[DIRECTIONS]: Going down the listing below, print exactly each line from the one with "Isometric Strict mother" up to and including the one with "Jachetă pentru bărbați", and skip the rest.
------------------------------------------------------------
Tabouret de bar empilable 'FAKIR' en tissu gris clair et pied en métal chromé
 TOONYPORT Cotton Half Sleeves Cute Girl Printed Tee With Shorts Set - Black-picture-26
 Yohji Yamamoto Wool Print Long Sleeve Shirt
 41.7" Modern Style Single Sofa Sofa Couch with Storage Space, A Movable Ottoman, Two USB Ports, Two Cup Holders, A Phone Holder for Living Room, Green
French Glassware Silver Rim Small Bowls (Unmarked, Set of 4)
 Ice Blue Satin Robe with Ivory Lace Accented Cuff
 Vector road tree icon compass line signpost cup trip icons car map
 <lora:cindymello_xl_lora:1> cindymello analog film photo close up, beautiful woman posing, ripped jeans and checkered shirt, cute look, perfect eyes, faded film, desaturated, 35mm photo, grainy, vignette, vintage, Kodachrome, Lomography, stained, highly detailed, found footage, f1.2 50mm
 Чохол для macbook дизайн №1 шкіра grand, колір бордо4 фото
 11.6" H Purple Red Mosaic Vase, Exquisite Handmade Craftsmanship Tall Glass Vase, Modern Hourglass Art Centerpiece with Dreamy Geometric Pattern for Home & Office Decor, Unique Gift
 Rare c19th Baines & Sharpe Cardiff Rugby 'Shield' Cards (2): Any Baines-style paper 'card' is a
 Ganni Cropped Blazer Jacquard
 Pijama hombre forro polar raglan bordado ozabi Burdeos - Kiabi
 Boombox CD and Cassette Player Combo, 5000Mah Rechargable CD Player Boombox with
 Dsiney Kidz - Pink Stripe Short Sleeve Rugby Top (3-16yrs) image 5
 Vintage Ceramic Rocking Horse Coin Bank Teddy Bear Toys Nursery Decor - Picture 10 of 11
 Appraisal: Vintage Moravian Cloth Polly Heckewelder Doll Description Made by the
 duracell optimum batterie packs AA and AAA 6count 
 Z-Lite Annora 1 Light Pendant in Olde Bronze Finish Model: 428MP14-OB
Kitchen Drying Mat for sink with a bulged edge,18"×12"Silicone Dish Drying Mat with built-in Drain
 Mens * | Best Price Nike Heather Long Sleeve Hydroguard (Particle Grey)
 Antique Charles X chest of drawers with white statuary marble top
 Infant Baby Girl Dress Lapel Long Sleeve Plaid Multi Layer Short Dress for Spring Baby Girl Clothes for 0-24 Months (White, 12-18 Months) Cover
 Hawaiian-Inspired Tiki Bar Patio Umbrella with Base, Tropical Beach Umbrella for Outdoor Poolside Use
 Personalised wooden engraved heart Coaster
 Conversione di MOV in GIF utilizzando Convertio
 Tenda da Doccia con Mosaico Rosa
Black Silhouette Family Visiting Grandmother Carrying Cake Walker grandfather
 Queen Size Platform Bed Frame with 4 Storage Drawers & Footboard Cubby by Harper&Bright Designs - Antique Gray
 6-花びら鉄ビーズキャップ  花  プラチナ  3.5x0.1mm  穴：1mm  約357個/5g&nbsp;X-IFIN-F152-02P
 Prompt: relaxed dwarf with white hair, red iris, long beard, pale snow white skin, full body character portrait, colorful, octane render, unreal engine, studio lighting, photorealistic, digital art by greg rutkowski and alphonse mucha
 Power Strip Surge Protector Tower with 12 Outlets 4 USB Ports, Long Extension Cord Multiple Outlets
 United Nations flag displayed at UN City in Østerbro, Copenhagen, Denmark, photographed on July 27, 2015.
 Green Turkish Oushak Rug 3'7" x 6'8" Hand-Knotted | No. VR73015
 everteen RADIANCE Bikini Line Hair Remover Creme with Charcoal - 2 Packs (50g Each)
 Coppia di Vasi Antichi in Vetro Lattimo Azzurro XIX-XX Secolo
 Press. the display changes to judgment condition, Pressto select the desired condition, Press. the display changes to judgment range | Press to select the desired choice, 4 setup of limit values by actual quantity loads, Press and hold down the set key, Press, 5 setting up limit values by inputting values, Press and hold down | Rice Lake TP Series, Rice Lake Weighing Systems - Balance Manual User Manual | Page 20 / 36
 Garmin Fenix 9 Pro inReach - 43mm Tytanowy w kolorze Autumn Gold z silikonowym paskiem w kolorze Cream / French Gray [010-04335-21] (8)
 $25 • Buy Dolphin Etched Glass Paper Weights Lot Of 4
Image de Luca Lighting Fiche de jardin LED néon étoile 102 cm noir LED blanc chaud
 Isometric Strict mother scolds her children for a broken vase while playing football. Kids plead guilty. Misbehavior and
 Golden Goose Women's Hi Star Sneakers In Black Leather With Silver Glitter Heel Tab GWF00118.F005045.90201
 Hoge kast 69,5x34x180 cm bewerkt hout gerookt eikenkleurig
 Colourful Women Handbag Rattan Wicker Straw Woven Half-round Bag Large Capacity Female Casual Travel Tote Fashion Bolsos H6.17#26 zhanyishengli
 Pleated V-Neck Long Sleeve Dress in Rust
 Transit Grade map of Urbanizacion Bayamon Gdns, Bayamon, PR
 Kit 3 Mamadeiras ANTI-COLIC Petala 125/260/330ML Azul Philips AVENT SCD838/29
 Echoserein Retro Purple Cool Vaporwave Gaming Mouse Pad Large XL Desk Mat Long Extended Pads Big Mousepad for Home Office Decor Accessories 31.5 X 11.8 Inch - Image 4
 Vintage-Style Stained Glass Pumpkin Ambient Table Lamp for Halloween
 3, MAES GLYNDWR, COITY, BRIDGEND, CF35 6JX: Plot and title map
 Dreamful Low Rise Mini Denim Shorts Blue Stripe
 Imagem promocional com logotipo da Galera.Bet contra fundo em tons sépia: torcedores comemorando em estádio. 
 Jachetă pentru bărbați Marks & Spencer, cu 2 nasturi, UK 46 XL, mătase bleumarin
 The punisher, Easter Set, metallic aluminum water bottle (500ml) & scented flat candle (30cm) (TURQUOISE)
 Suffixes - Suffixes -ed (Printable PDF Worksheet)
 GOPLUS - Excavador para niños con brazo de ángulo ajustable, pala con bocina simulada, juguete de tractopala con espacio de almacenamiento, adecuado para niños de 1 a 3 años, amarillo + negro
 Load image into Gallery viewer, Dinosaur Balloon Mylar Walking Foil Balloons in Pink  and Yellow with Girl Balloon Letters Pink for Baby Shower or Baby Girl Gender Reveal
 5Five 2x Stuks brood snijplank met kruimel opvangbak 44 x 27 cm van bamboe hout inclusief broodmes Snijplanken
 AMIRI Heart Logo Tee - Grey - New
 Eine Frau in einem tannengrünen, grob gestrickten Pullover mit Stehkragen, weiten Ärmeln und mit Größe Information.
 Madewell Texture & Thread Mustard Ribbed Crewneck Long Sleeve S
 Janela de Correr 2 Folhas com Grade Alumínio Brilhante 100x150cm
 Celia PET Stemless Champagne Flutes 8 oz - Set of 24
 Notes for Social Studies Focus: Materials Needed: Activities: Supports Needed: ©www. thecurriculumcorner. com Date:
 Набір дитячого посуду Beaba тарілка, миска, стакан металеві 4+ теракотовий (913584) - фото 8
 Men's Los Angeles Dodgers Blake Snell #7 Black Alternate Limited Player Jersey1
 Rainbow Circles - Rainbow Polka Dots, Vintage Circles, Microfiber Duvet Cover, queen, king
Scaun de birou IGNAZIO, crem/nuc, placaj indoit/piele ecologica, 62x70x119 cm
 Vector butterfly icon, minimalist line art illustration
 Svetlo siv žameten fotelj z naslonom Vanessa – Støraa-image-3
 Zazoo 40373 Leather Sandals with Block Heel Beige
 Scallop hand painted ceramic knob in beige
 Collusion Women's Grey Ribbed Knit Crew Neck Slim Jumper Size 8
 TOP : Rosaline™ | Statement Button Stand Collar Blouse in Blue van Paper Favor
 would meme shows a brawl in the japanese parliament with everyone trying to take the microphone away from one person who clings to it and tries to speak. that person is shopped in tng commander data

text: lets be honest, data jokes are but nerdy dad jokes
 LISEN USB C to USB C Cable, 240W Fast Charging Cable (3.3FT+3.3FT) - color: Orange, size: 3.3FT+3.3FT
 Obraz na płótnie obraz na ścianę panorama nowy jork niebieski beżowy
------------------------------------------------------------
[TASK SOLUTION]:
 Isometric Strict mother scolds her children for a broken vase while playing football. Kids plead guilty. Misbehavior and
 Golden Goose Women's Hi Star Sneakers In Black Leather With Silver Glitter Heel Tab GWF00118.F005045.90201
 Hoge kast 69,5x34x180 cm bewerkt hout gerookt eikenkleurig
 Colourful Women Handbag Rattan Wicker Straw Woven Half-round Bag Large Capacity Female Casual Travel Tote Fashion Bolsos H6.17#26 zhanyishengli
 Pleated V-Neck Long Sleeve Dress in Rust
 Transit Grade map of Urbanizacion Bayamon Gdns, Bayamon, PR
 Kit 3 Mamadeiras ANTI-COLIC Petala 125/260/330ML Azul Philips AVENT SCD838/29
 Echoserein Retro Purple Cool Vaporwave Gaming Mouse Pad Large XL Desk Mat Long Extended Pads Big Mousepad for Home Office Decor Accessories 31.5 X 11.8 Inch - Image 4
 Vintage-Style Stained Glass Pumpkin Ambient Table Lamp for Halloween
 3, MAES GLYNDWR, COITY, BRIDGEND, CF35 6JX: Plot and title map
 Dreamful Low Rise Mini Denim Shorts Blue Stripe
 Imagem promocional com logotipo da Galera.Bet contra fundo em tons sépia: torcedores comemorando em estádio. 
 Jachetă pentru bărbați Marks & Spencer, cu 2 nasturi, UK 46 XL, mătase bleumarin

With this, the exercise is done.